## Source material:
--------------------------------------------------
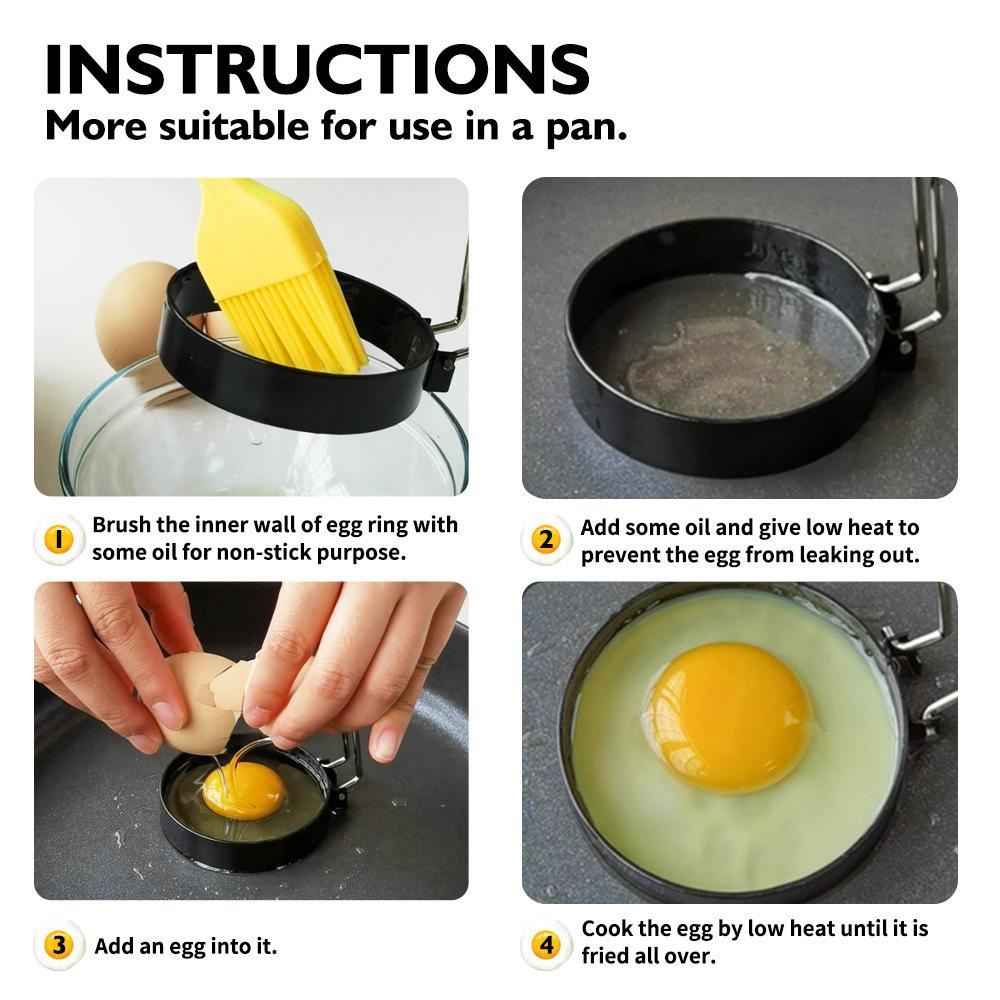 Fried Egg Mold Egg Circle Ring Mold Non-stick Round Omelet Model Cooking Breakfast Pan Egg Cooker Accessories Kitchen Tools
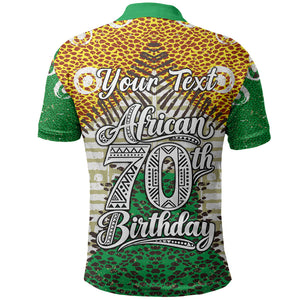 Personalized African 70th Birthday Polo Shirt Tribal Animal Print Heritage Pattern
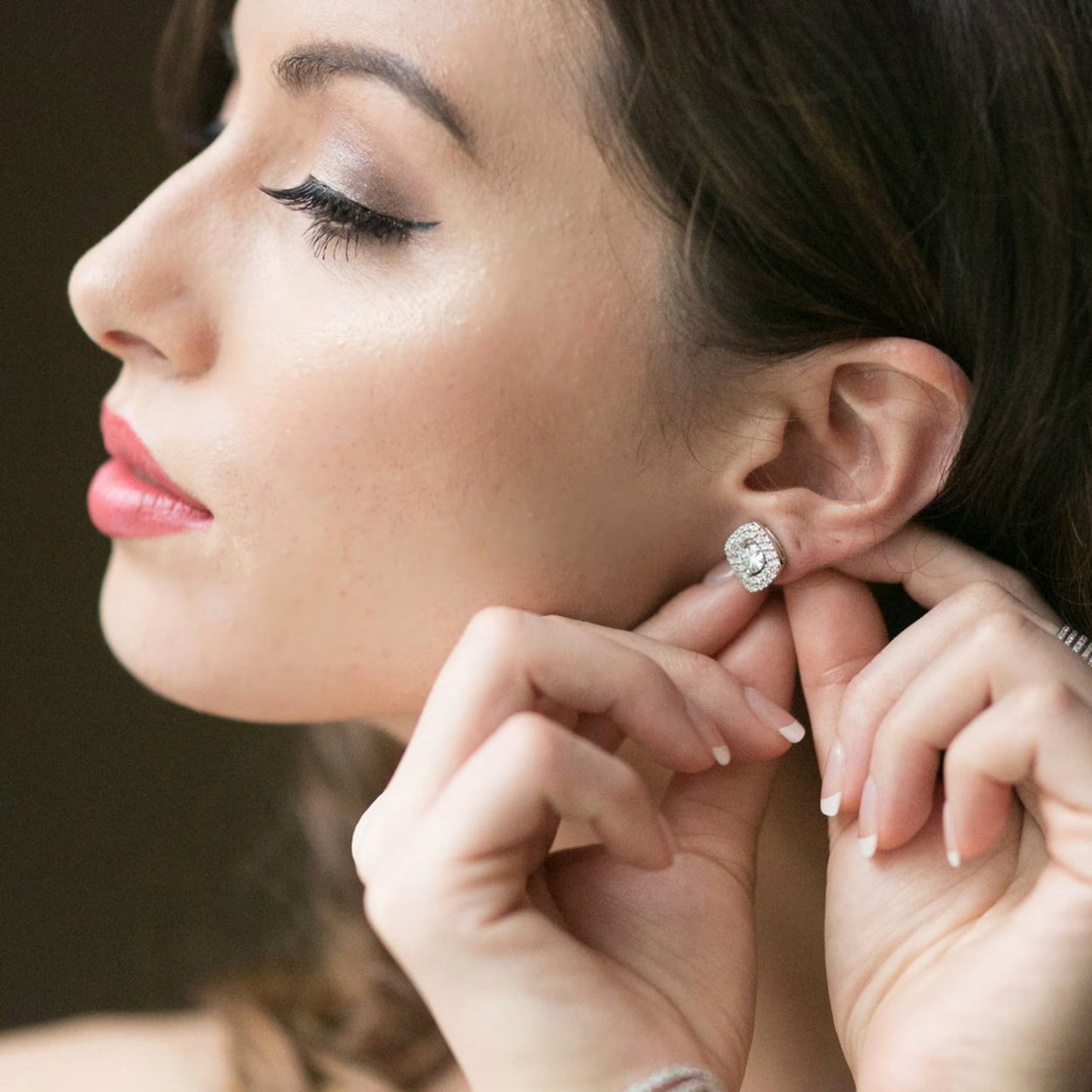 1.30 TCW Round Cut Moissanite Double Halo Stud Earrings in Gold 6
--------------------------------------------------
## Exercise:
Please set down each line of the data above exactly as written, without the pictures.

## Exercise solution:
 Fried Egg Mold Egg Circle Ring Mold Non-stick Round Omelet Model Cooking Breakfast Pan Egg Cooker Accessories Kitchen Tools
 Personalized African 70th Birthday Polo Shirt Tribal Animal Print Heritage Pattern
 1.30 TCW Round Cut Moissanite Double Halo Stud Earrings in Gold 6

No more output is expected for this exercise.